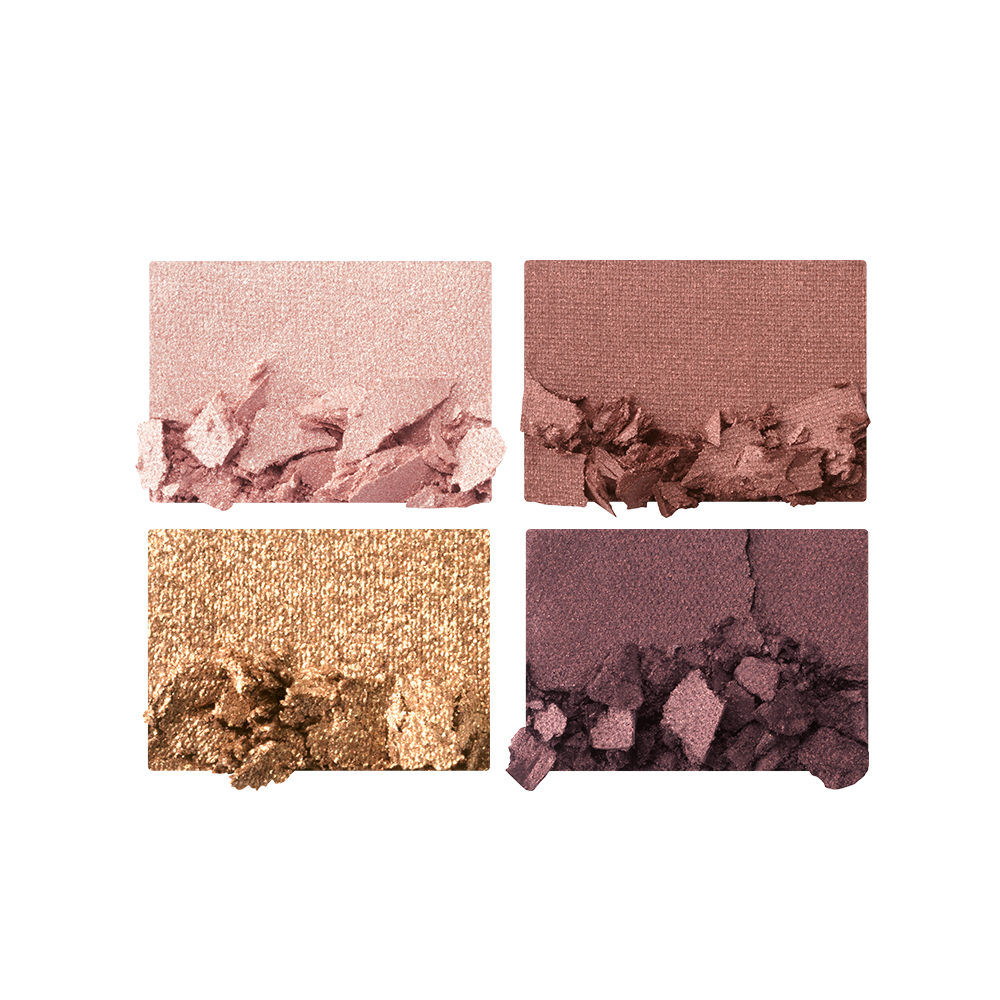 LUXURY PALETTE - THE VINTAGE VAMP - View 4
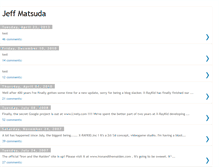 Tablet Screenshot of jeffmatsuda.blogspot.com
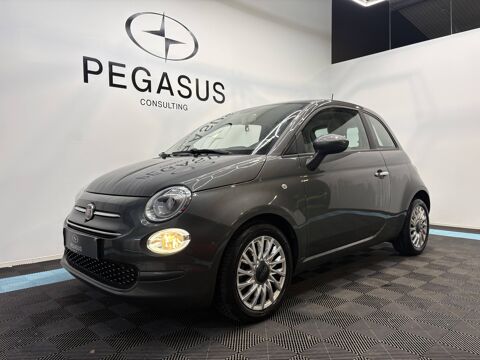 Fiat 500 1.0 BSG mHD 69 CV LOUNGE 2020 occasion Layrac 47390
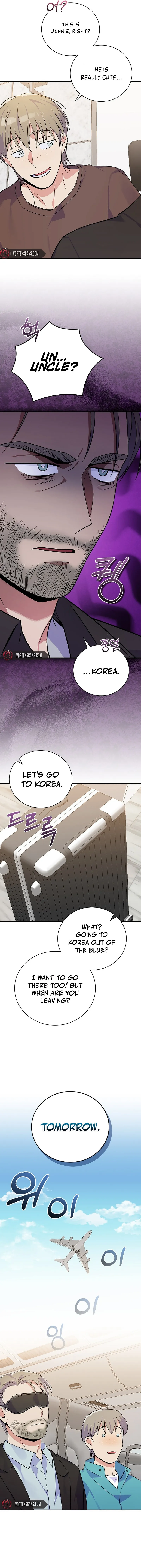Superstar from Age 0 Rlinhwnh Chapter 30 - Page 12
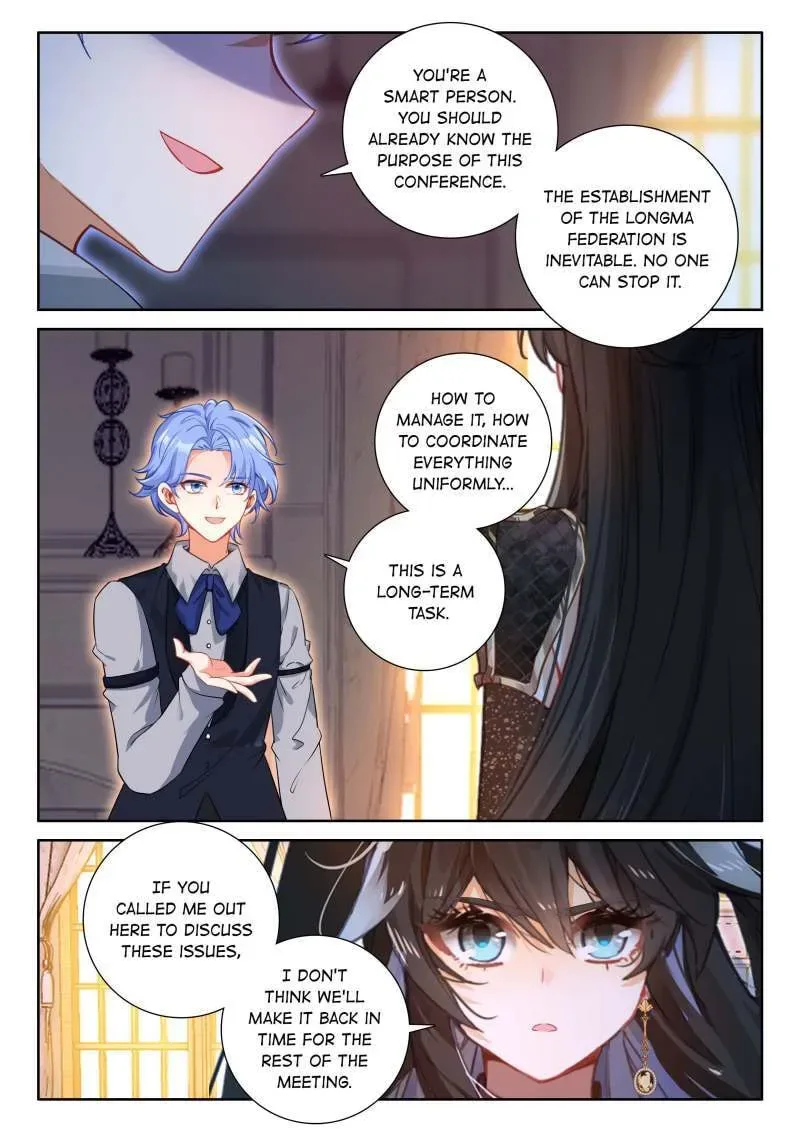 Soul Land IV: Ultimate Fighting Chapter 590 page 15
-.-.-
(WORK REQUEST):
Restate all entries exactly; pictures stay out.

(WRITTEN RESPONSE):
 LUXURY PALETTE - THE VINTAGE VAMP - View 4
 Tablet Screenshot of jeffmatsuda.blogspot.com
 Fiat 500 1.0 BSG mHD 69 CV LOUNGE 2020 occasion Layrac 47390
Superstar from Age 0 Rlinhwnh Chapter 30 - Page 12
 Soul Land IV: Ultimate Fighting Chapter 590 page 15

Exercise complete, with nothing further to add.